When McEwen was asked what it would take for Evans to move into yellow he grabbed a GC sheet and said dryly, "Two minutes 56 secs."
McEwen was glad just to survive the stage after the grupetto finished outside the time limit, "Phew, [it was] a long day out. We had to ride 180 kilometres and 90 kilometres of it was uphill today. When you've got just about the best climber in the field up the front with Rasmussen going away near the start and going for it there was no way we were going to get inside the time limit. It was set at 12 percent and we rode a good tempo and we weren't too far outside it. They were always going to leave us in the race," he said.

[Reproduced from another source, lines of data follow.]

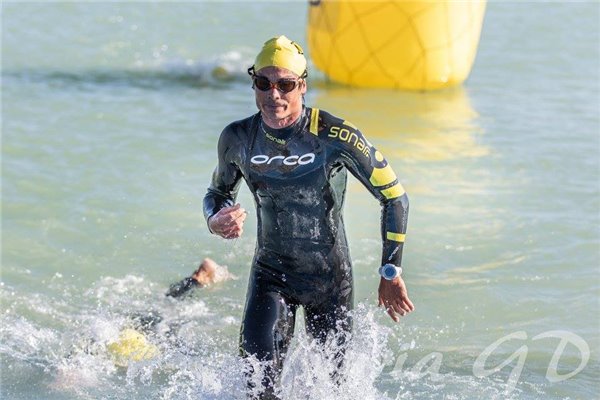 Juan Mina y Ana Revilla campeones de Aragón de Triatlón Olímpico 2015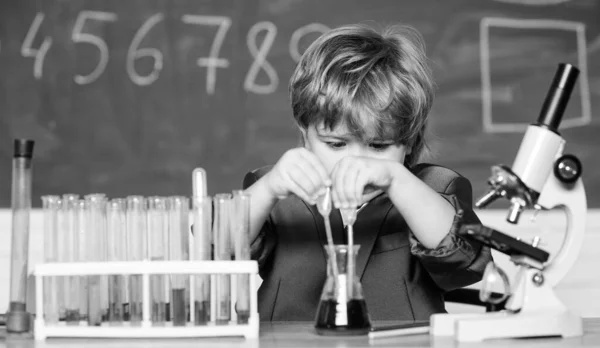Επιστημονικά πειράματα με μικροσκόπιο στο εργαστήριο. Παιδί επιστήμονας σπουδάζει επιστήμη. Βιολογία. Το αγοράκι κάνει επιστημονικά πειράματα. Ένα μικρό αγόρι στο μάθημα. Έρευνες σε εργαστήρια — Φωτογραφία Αρχείου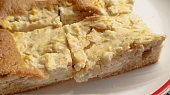 Šťavnatý koláč s jablečným tvarohem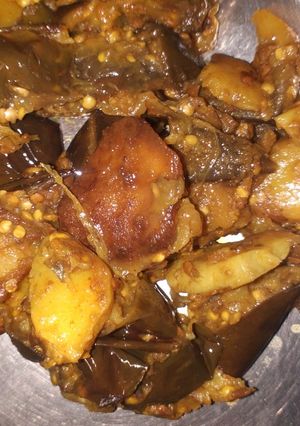 A picture of Fried Aloo Baingan sabji.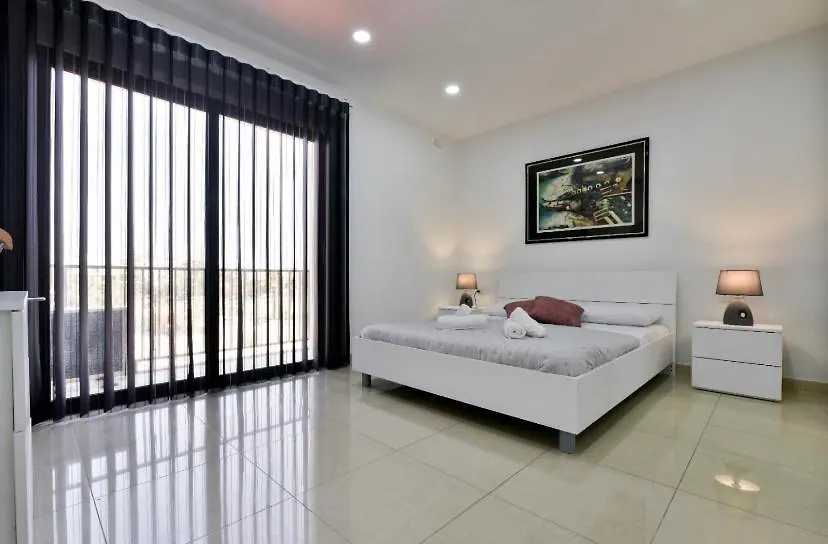 Sea View Apartment Birzebbuga 0*,  Malta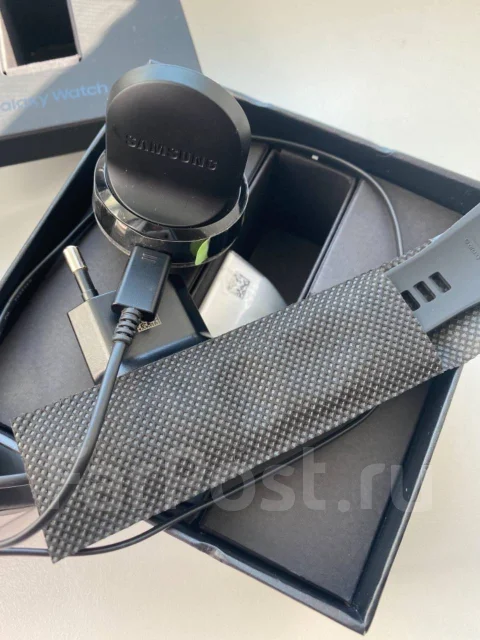 Samsung Galaxy Watch. NFC ����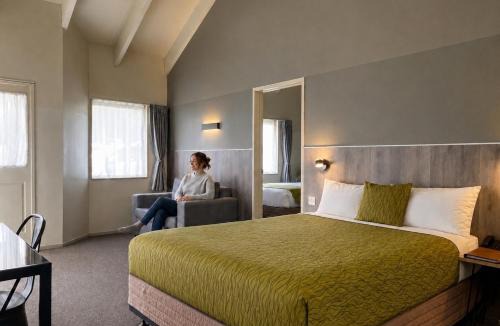 Mangere Hotel | Airport Manor Inn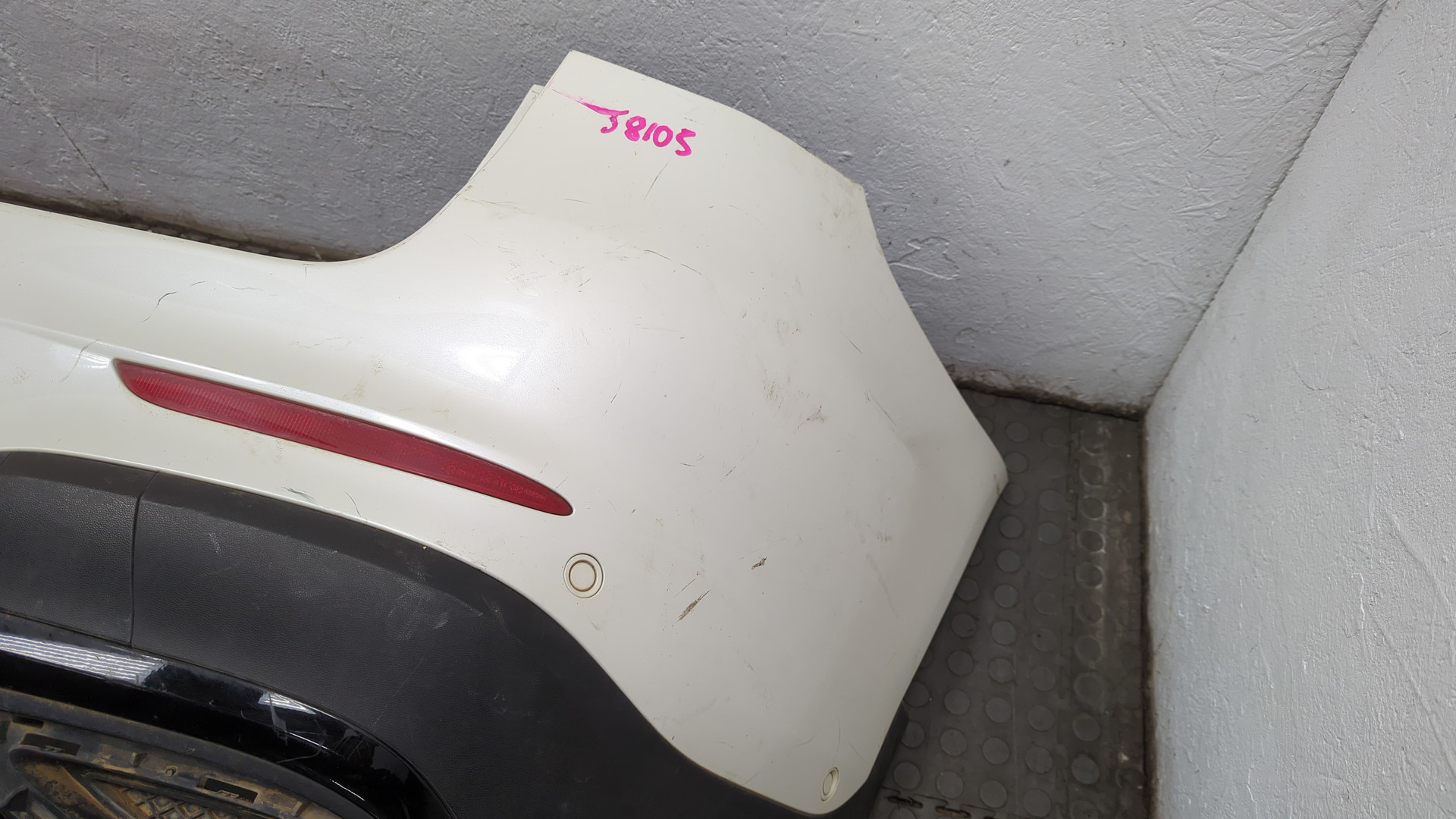 Бампер задний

Aussie Michael Rogers was very strong and is still in seventh position overall despite working tirelessly for Kloden. Floyd Landis cracked on the last climb when Rogers was asked to put the hammer down, "It seemed that Landis was all over the road," Rogers said, "I saw him at the bottom of the climb, he was struggling and I was still feeling alright. My team-mate Andreas Klöden asked me to put the pressure on, so I did my job."
"It was a torture. I think we moved up a few positions up on the GC, so we did a good move. I was happy with my ride as I could do my work. I was still able to hang on … what was left at the end (laughs) … it was a torture. This was just the plan of the day. We want to finish on the podium, doesn't matter if that is first, second or third. I think we showed our power today and we're happy.
Oscar Pereiro looked a very different rider to the one that lost nearly half an hour on stage 11. The tour contenders must be ruing the day that they let him get that lost time back, "Yeah, I think now everyone will be regretting giving him half an hour back. Just giving him half an hour, like here, have a Tour," Evans lamented.
Simon Gerrans has a dose of bronchitis but survived the stage, "Yeah [my health is] alright. I went hard over the first few hills just to make sure I was with the group and then when the grupetto formed just cruised back to that."